Maar, vroeg ik mij toen af, zegt mijn 3-jarige dit soort dingen dan ook tegen haar vader, die net zo goed vijf dagen per week op kantoor zit? Ik werk tenminste nog één dag thuis, dus opgeteld ziet ze mij vaker. Maar wat haar betreft was dat geen genoegdoening. Op de vraag of ze het dan niet erg vindt dat papa ook de hele week moet werken, antwoordde ze namelijk vastberaden: “Nee, hoor!”, bouwde weer verder met haar Lego en liet mij enigszins beledigd achter. Want, hoe rolbevestigend is dit? Anno 2016 ook nog notabene. Papa komt dus weg met weekenddiensten, maar mama is een dergelijk privilege niet gegund. Ik vind dat best een beetje schokkend en daarnaast ook wel moeilijk, want het plaatst mij, als moeder, toch wel voor het blok. Want uiteraard wil ik het beste voor mijn kinderen, dat ze gelukkig zijn, zich gezien en gehoord voelen. En ik denk dat ik daar heel hard mijn best voor doe. Tegelijkertijd wil ik ook het beste voor mezelf, omdat ik, naast moeder, ook nog vrouw, ook nog Vala ben. Die voldoening haalt uit werken, zelfontwikkeling en uit financieel zelfstandig zijn. Daarnaast ben ik een gescheiden moeder en verdien ik, hoewel net zo hoog opgeleid, zeker de helft minder dan de vader van mijn kinderen. Simpelweg omdat hij een man is en ik een vrouw. En dat, helaas, óók nog steeds onze maatschappelijke norm is. Dus ja, eerlijk is eerlijk, ik werk voor een groot deel voor mezelf, maar voor een deel toch zeker ook voor mijn kinderen. Zodat ik ze kan geven wat ze nodig hebben. Mama is dus gelijk aan papa, zoals ik altijd geleerd heb dat het zou moeten zijn. Maar mijn kind is het met dat curriculum niet eens.

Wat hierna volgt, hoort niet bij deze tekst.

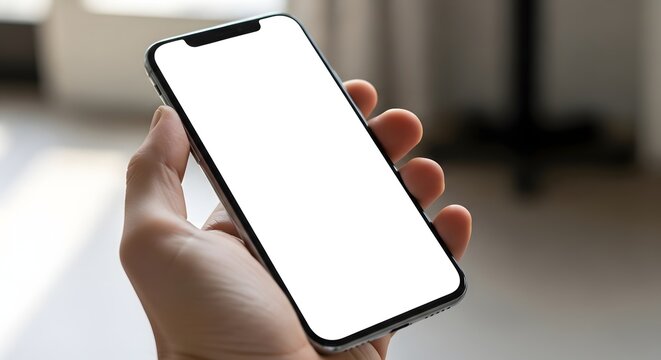 Close up of a person holding a modern smartphone with a blank white screen in their hand, ready for mockup or template use in a bright indoor setting - Powered by Adobe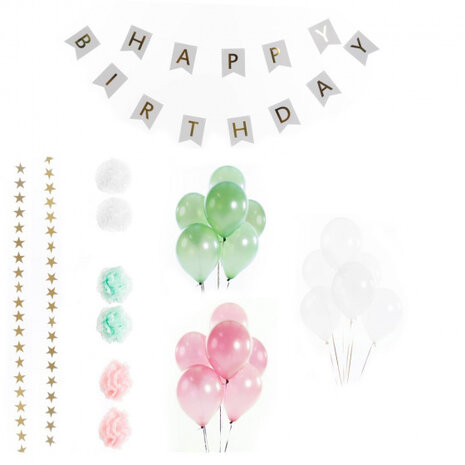 feestversiering groen/roze 27-delig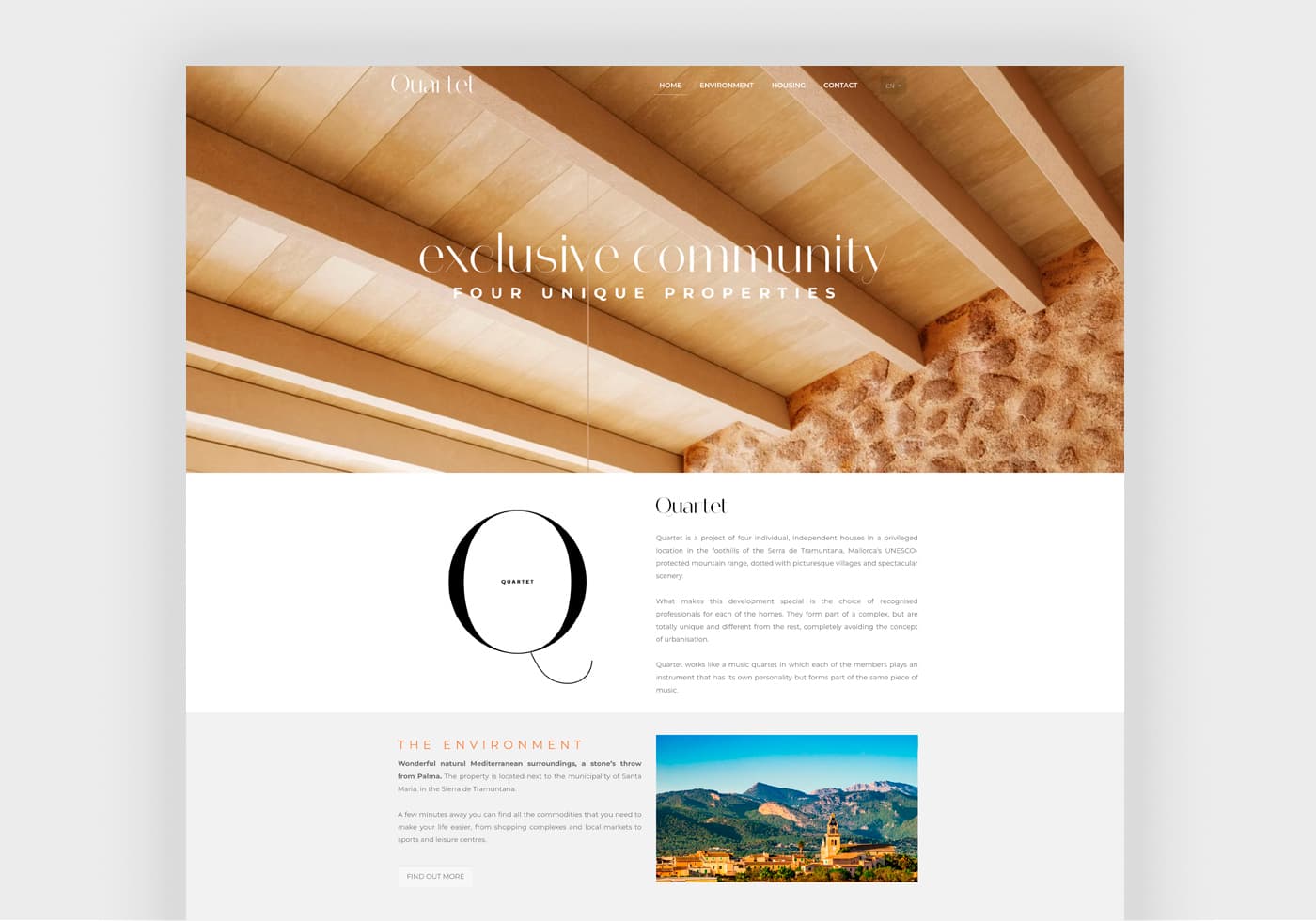 Website homepage with the headline exclusive community, four unique properties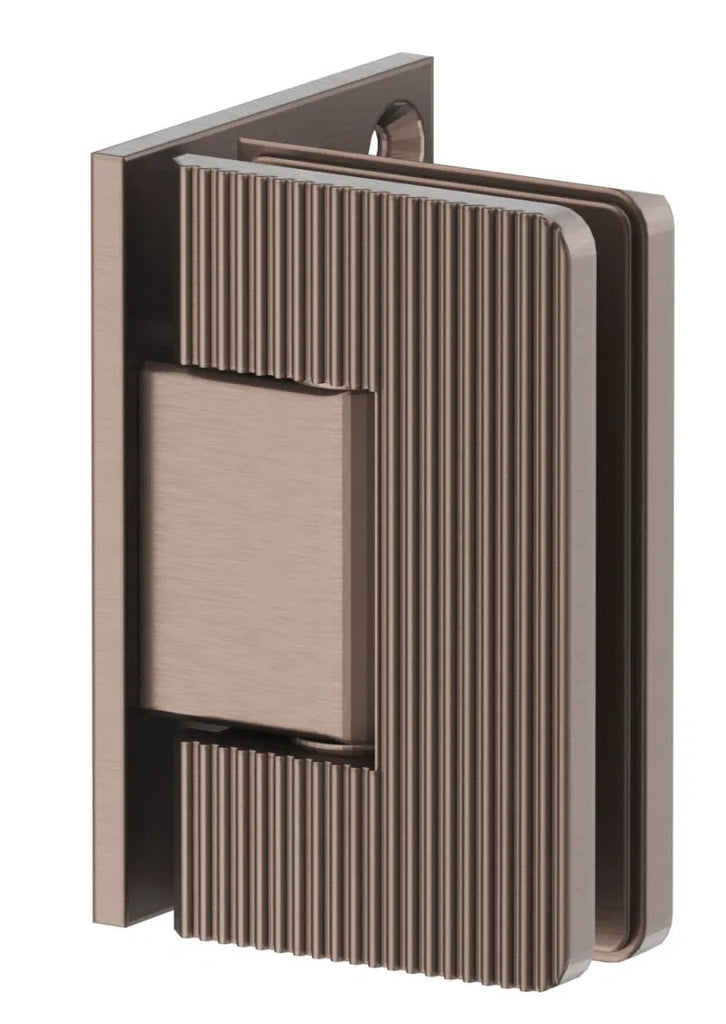 Shower Screen Hinge – Fluted – Glass To Wall - Hera Bathware X Bella Vista FHP90 - 6 - NR - DB | Dusk Bronze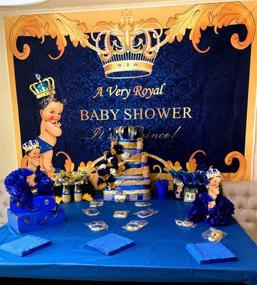 img 2 attached to 👶 GYA Royal Prince Baby Shower Backdrop – Black Boy with Gold Crown Photography Background, 7x5ft – Party Supplies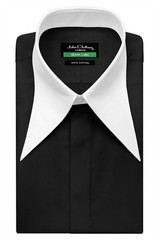Men’s Disco Extra Long Point Spread Collar Black Hidden Buttons Gala Event Shirt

Is dit nature, of is het nurture, dat mijn dochter de afwezigheid van haar vader beter pikt dan die van haar moeder? Is zij, puur biologisch gezien, zo geprogrammeerd, omdat zoogdieren zoals wij, ook nu nog steeds, nou eenmaal meer leunen op de moeder? Of is het haar aangeleerd door haar omgeving, dat mama met de koektrommel op de bank hoort te zitten en papa op kantoor? Ergens knaagt altijd het schuldgevoel als ik op mijn werk zit, terwijl mijn ex-Manlief dat op zijn beurt niet voelt. Overwegen om minder te gaan werken, het is voor hem niet eens een optie. Want ja, hij is vader en dat vindt hij heerlijk, maar hij is ook nog man. Zonder zich daar ontaard over te voelen. En gelijk heeft hij, vind ik gewoon eigenlijk, maar ik zou willen dat ik daar voor mezelf ook zo stoïcijns over kon denken. Hopelijk vindt mijn dochter, als ze later terugkijkt, het net zo normaal als ik vroeger dat ze een moeder had die, naast haar mama, ook nog andere dingen was. Omdat ik weliswaar hoop dat zij later zal ervaren hoe geweldig het is om kinderen te krijgen, om moeder te zijn, maar ook dat ze, net zoals ik nu, iets gaat doen waar ze gelukkig van wordt, zoals ik dat wordt van stukjes schrijven. En dat ze zich ook herinnert dat, alhoewel mama niet op woensdagmiddag klaar zat met zelfgebakken appeltaart, ik wel net zoveel van haar houd als de mama’s die dat wel deden. En dat de kant en klare appeltaart van de Albert Heijn in het weekend ook heel lekker was.